Exercise requirements: Entries below include pictures. Output exactly the lines from the one with "SANS SOUCI CONDO - Residential" down to the one with "Коллектив AZAL посетил", both ends included, and leave the pictures out.

Available records:
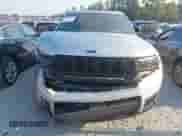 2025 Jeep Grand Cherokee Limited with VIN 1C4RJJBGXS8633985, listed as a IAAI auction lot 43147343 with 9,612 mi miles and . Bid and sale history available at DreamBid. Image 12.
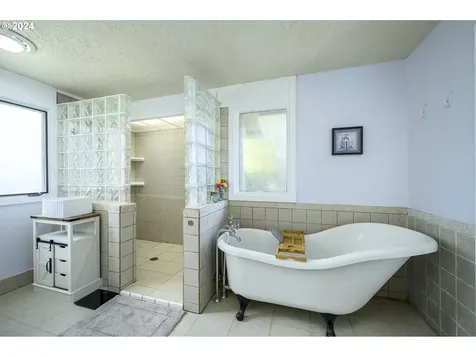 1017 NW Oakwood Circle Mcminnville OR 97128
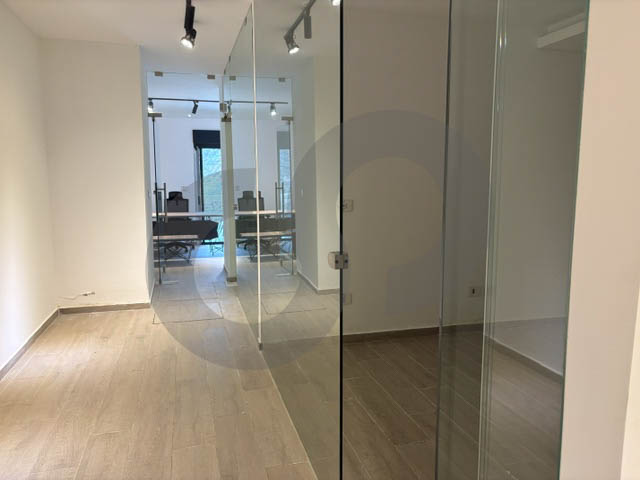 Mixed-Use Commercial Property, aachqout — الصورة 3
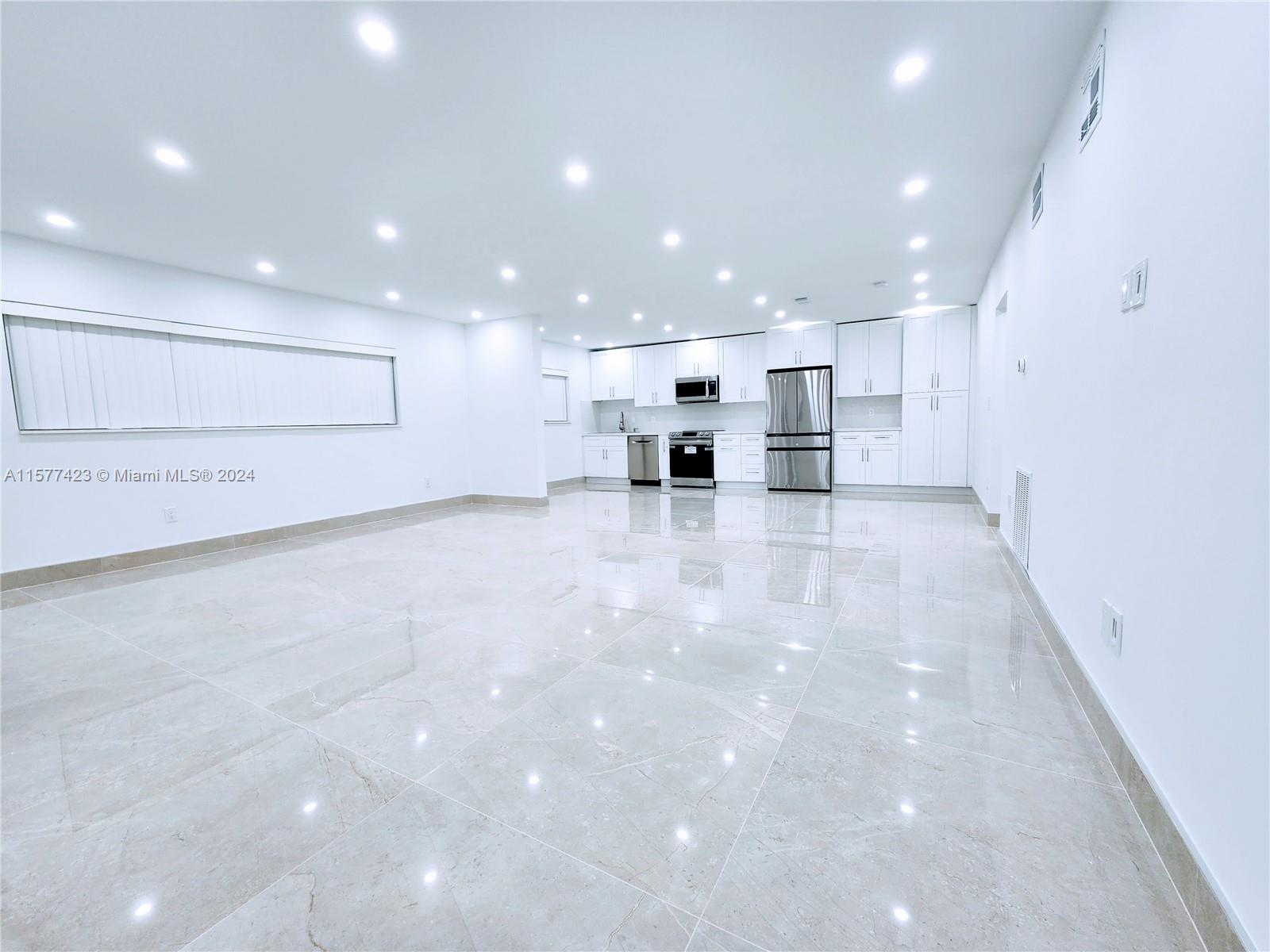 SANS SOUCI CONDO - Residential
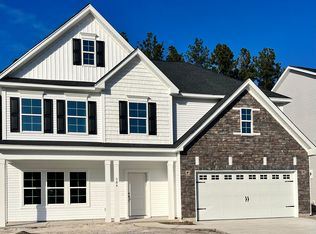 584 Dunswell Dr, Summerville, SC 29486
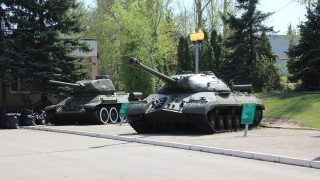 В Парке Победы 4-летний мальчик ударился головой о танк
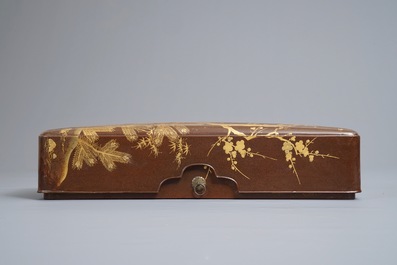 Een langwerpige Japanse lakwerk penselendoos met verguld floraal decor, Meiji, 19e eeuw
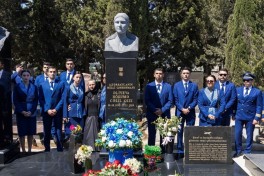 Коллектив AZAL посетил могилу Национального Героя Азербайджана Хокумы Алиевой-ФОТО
...
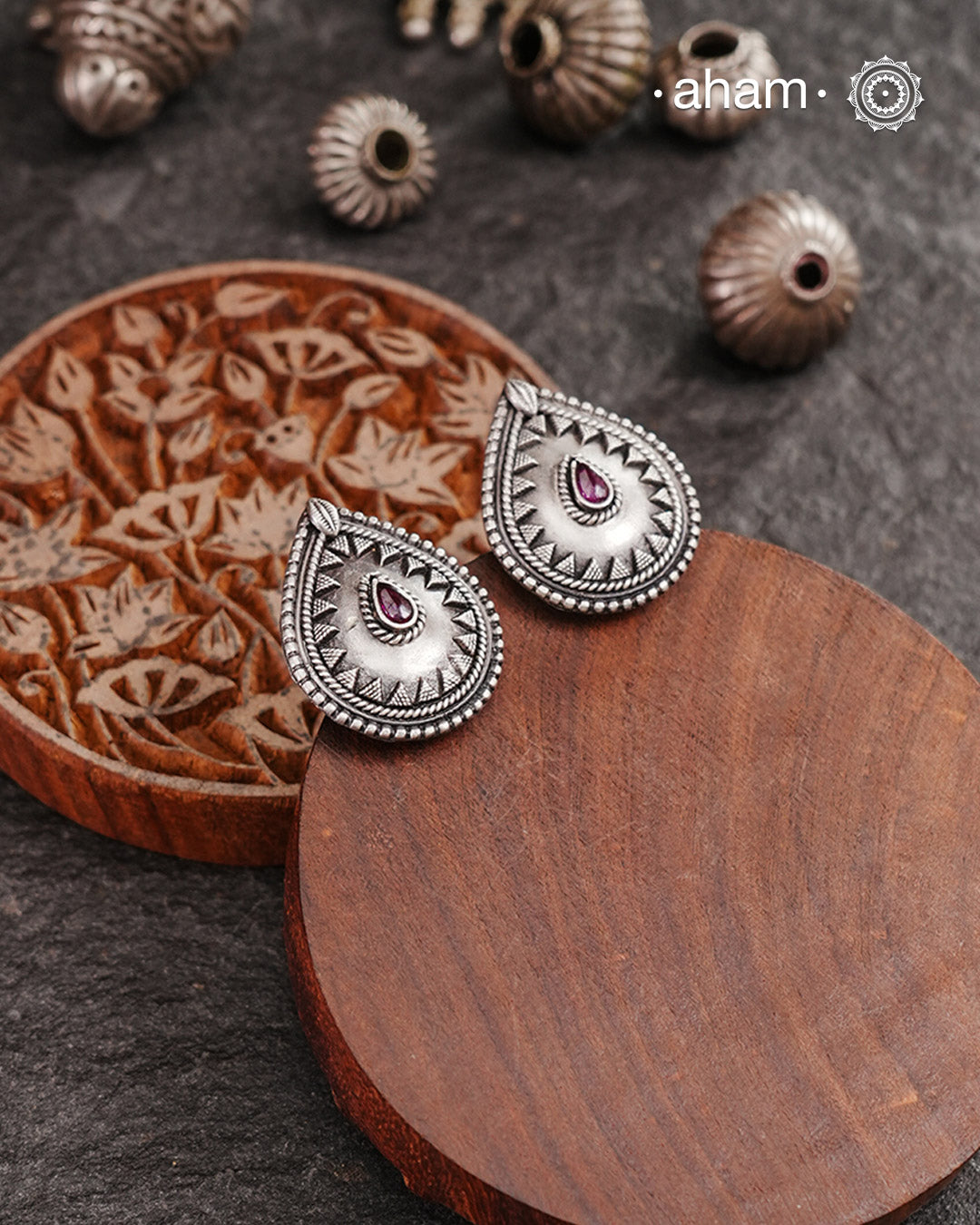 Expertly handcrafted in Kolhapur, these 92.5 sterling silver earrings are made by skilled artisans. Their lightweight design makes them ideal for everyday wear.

Solution below:
 SANS SOUCI CONDO - Residential
 584 Dunswell Dr, Summerville, SC 29486
 В Парке Победы 4-летний мальчик ударился головой о танк
 Een langwerpige Japanse lakwerk penselendoos met verguld floraal decor, Meiji, 19e eeuw
 Коллектив AZAL посетил могилу Национального Героя Азербайджана Хокумы Алиевой-ФОТО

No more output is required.